*WHAT TO DO*.
Print nothing but the lines below starting at the line that holds "Dior White Crossbody" and ending at the line that holds "Pousada Marina Aguas", including both, each exactly as written.

*INFORMATION SUPPLIED*.
- Opening Delimiter -
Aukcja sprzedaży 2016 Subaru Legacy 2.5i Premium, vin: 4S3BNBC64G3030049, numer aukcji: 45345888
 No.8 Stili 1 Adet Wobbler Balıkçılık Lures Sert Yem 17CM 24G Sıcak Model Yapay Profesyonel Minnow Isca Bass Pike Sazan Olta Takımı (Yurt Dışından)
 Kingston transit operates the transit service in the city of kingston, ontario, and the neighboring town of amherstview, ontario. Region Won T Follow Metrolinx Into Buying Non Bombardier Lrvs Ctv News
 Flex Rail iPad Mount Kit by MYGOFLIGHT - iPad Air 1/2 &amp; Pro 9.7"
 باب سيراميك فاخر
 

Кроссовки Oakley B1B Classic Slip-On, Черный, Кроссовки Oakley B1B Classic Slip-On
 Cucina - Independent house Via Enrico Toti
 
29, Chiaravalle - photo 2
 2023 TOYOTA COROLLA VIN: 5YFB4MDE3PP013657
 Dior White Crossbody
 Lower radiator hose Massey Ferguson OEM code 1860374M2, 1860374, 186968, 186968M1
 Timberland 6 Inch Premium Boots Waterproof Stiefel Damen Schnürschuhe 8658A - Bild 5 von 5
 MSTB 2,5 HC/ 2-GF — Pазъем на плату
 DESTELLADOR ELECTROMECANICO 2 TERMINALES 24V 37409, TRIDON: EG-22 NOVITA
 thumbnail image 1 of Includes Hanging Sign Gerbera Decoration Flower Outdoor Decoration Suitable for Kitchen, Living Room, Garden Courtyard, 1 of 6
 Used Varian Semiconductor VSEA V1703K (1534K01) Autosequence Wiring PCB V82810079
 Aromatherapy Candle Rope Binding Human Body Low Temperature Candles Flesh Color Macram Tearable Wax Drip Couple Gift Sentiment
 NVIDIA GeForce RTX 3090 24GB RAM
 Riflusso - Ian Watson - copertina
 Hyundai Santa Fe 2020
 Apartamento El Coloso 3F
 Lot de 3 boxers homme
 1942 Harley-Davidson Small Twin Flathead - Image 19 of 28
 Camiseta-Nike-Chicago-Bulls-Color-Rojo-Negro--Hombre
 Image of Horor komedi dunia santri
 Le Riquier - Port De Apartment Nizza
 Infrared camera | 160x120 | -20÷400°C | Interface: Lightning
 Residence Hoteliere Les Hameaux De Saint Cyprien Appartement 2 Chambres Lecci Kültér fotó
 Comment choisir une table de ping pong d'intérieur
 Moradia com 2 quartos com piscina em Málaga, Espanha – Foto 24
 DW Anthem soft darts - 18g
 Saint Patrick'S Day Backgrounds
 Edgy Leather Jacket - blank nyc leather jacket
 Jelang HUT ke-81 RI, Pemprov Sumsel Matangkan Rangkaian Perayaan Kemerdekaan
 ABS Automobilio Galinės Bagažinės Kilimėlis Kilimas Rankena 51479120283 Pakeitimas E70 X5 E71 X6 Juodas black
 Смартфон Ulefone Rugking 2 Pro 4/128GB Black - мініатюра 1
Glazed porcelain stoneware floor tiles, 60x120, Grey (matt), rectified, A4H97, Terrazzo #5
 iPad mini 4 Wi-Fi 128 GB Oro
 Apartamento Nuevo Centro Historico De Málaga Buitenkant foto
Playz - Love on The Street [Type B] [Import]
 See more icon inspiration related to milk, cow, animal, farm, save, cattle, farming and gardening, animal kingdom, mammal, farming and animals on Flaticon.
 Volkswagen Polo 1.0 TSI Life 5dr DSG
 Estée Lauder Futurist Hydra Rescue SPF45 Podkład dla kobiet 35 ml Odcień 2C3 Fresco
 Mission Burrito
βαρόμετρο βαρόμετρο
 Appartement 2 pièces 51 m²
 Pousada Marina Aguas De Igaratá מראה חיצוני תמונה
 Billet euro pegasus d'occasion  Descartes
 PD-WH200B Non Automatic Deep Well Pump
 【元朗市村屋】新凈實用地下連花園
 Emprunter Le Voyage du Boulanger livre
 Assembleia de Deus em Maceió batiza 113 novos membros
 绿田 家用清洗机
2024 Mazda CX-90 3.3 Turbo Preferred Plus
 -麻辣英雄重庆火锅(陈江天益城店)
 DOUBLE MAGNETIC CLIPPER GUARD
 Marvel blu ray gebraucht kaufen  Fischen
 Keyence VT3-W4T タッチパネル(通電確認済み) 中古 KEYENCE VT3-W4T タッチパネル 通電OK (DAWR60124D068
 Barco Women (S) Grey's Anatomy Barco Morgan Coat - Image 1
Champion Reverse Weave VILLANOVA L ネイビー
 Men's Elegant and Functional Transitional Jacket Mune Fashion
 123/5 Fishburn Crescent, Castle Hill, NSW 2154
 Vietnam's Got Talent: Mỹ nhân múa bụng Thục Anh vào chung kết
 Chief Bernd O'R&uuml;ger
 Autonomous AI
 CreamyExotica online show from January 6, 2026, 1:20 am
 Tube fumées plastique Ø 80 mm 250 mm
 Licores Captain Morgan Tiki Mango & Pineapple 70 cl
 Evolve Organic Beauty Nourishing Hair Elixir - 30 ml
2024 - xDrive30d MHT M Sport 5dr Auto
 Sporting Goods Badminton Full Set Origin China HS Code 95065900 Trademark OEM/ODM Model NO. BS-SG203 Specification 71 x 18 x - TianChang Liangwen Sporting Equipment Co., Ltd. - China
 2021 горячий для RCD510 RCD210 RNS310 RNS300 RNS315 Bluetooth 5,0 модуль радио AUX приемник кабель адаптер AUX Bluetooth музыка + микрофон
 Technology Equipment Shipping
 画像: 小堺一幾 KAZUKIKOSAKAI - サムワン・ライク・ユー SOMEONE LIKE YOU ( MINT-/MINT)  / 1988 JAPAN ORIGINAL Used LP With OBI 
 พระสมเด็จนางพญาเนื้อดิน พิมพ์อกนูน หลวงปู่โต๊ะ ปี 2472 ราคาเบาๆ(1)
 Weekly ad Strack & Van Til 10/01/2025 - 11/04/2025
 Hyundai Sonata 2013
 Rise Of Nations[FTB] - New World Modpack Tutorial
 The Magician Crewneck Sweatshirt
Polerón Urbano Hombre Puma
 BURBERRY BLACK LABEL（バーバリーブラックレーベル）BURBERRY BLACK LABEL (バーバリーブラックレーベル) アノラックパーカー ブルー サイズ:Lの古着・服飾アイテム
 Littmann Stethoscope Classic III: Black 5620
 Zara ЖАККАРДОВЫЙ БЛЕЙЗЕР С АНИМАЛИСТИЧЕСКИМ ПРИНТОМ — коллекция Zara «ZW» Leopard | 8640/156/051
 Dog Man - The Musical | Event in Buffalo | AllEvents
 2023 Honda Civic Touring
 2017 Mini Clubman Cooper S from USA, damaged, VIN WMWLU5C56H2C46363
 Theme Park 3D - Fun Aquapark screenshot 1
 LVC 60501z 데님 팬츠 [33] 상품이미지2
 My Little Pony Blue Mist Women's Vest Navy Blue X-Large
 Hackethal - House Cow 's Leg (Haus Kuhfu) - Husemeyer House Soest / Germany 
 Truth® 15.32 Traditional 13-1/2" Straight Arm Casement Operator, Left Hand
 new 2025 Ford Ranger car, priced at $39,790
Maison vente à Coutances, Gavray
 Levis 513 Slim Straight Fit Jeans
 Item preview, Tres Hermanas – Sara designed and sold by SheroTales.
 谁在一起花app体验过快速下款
- Closing Delimiter -
*RESPONSE TO THIS TASK*.
 Dior White Crossbody
 Lower radiator hose Massey Ferguson OEM code 1860374M2, 1860374, 186968, 186968M1
 Timberland 6 Inch Premium Boots Waterproof Stiefel Damen Schnürschuhe 8658A - Bild 5 von 5
 MSTB 2,5 HC/ 2-GF — Pазъем на плату
 DESTELLADOR ELECTROMECANICO 2 TERMINALES 24V 37409, TRIDON: EG-22 NOVITA
 thumbnail image 1 of Includes Hanging Sign Gerbera Decoration Flower Outdoor Decoration Suitable for Kitchen, Living Room, Garden Courtyard, 1 of 6
 Used Varian Semiconductor VSEA V1703K (1534K01) Autosequence Wiring PCB V82810079
 Aromatherapy Candle Rope Binding Human Body Low Temperature Candles Flesh Color Macram Tearable Wax Drip Couple Gift Sentiment
 NVIDIA GeForce RTX 3090 24GB RAM
 Riflusso - Ian Watson - copertina
 Hyundai Santa Fe 2020
 Apartamento El Coloso 3F
 Lot de 3 boxers homme
 1942 Harley-Davidson Small Twin Flathead - Image 19 of 28
 Camiseta-Nike-Chicago-Bulls-Color-Rojo-Negro--Hombre
 Image of Horor komedi dunia santri
 Le Riquier - Port De Apartment Nizza
 Infrared camera | 160x120 | -20÷400°C | Interface: Lightning
 Residence Hoteliere Les Hameaux De Saint Cyprien Appartement 2 Chambres Lecci Kültér fotó
 Comment choisir une table de ping pong d'intérieur
 Moradia com 2 quartos com piscina em Málaga, Espanha – Foto 24
 DW Anthem soft darts - 18g
 Saint Patrick'S Day Backgrounds
 Edgy Leather Jacket - blank nyc leather jacket
 Jelang HUT ke-81 RI, Pemprov Sumsel Matangkan Rangkaian Perayaan Kemerdekaan
 ABS Automobilio Galinės Bagažinės Kilimėlis Kilimas Rankena 51479120283 Pakeitimas E70 X5 E71 X6 Juodas black
 Смартфон Ulefone Rugking 2 Pro 4/128GB Black - мініатюра 1
Glazed porcelain stoneware floor tiles, 60x120, Grey (matt), rectified, A4H97, Terrazzo #5
 iPad mini 4 Wi-Fi 128 GB Oro
 Apartamento Nuevo Centro Historico De Málaga Buitenkant foto
Playz - Love on The Street [Type B] [Import]
 See more icon inspiration related to milk, cow, animal, farm, save, cattle, farming and gardening, animal kingdom, mammal, farming and animals on Flaticon.
 Volkswagen Polo 1.0 TSI Life 5dr DSG
 Estée Lauder Futurist Hydra Rescue SPF45 Podkład dla kobiet 35 ml Odcień 2C3 Fresco
 Mission Burrito
βαρόμετρο βαρόμετρο
 Appartement 2 pièces 51 m²
 Pousada Marina Aguas De Igaratá מראה חיצוני תמונה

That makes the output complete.